Yes, I saw. However, you seem to imply that this only affects the initial implementation. But I wonder how this can be worked around at all, given that proper randomness requires an asynchronous call to the Management canister. I doubt that is going to change.
@ulan mentioned to me that this problem may be solved in the future by supporting
raw_random()
in the System API as a synchronous call.
But I wonder how this can be worked around at all, given that proper randomness requires an asynchronous call to the Management canister. I doubt that is going to change.
The execution layer of replica gets random bits as input in each round [code]. These bits are passed to the management canister to handle raw_rand()

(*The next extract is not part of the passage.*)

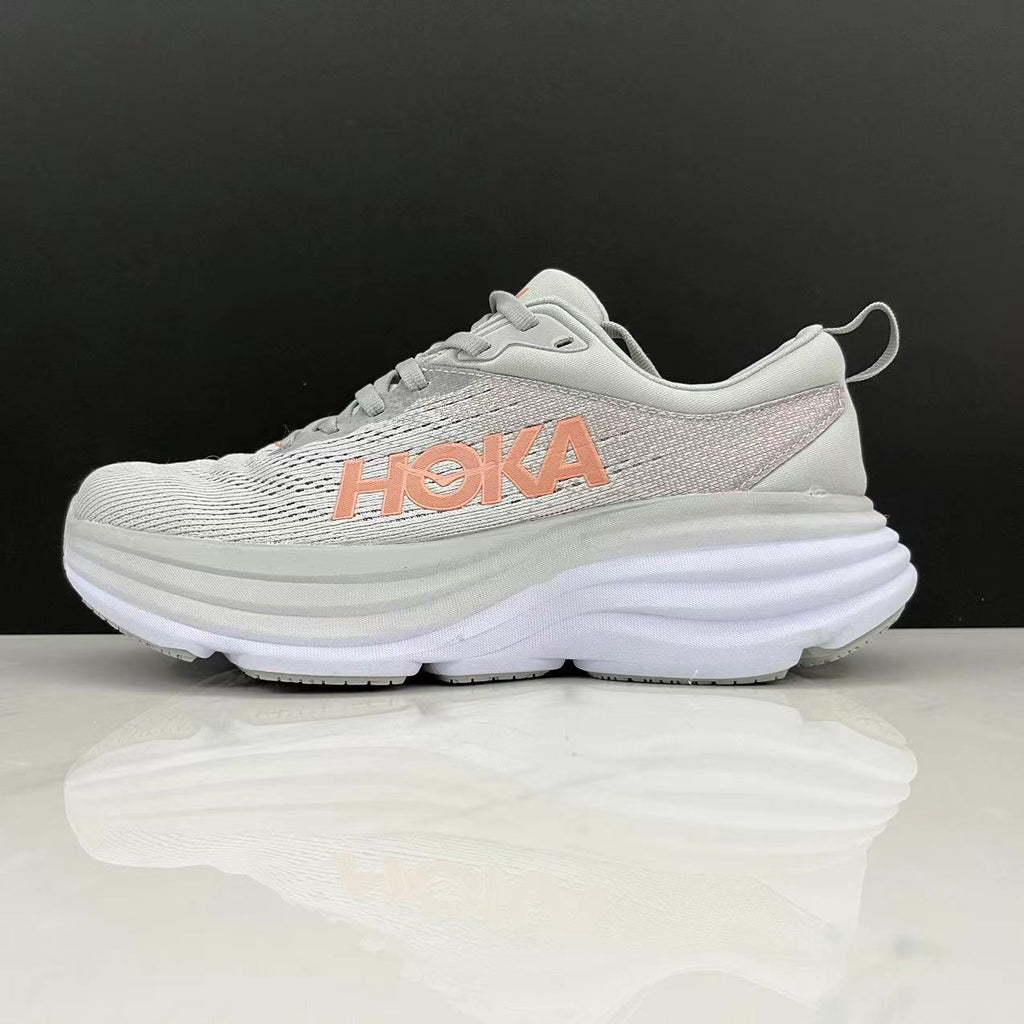 Hoka One One Bondi 8 Breathable Low-top Running Shoes Sneakers Light Gray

requests. I think we could use some of these bits to provide randomness to canister message execution synchronously. Having random bits during canister installation would be useful in many cases. We definitely need to check this with security/crypto experts because I am not sure if this would break some security properties of raw_rand()
.
I’m very excited about this effort, I imagine this will help Azle and Kybra tremendously in the future as we attempt to provide support for as many npm and PyPI packages as possible.
As for the randomness, it would be fantastic to be able to retrieve randomness synchronously during init. In the mean time, we’ve overcome this issue in Azle and Kybra by setting a timer of duration 0 during init and post_upgrade that immediately retrieves randomness and seeds an rng that we hook up to our custom_random function for the rand crate to then use under-the-hood.
I’m not sure if this technique could be used for this system API functionality, but it seems to be working very well so far.
That seems like a great technique, especially since you say it actually works.
Do you test for edge cases that have races?
(a need for randomness before the timer-fed seeding step is done?)
We have not. Our RNG will use a seed of 0s until the timer callback executes. So I believe it’s possible that message could get in before the callback executes. Nothing would crash or panic necessarily, but those values could possibly be predicted until the seed is changed by the callback.
Makes sense.
If the initializer gives their own temp seed, one could use that and then overwrite it with the better one. Would that work? As you say, it wouldn’t be normally needed, but maybe would help cover this edge case if it were a security concern for anyone auditing the way the code works. WDYT?
In any case, thanks for for this clarification.
That makes sense to me, if the init and post upgrade had a parameter for some random bytes you should be able to do that pretty easily.
Ooh, I think we could fix the issue for post upgrade actually by saving the seed in stable memory during pre upgrade and writing it back in post upgrade. It’s probably only necessary then during init.
Cool! Then it’s not really an issue (since initialization only happens once, the chance of “attack” then seems very controllable and minimal).
Any update on when we’ll get WASI on the IC?
Does anyone know why candid won’t compile for wasm32-wasi? Won't compile for wasm32-wasi · Issue #426 · dfinity/candid · GitHub
Seems like a problem in the num-bigint crate, but I haven’t been able to figure it out yet.
I’ve found a workaround to the issue, but it should probably be addressed in Candid before Wasi can go to production on the IC: Won't compile for wasm32-wasi · Issue #426 · dfinity/candid · GitHub
@sgaflv I just wanted to say you’re doing an awesome job! I have the polyfill working with Kybra and we’re compiling to wasm32-wasi which is just amazing.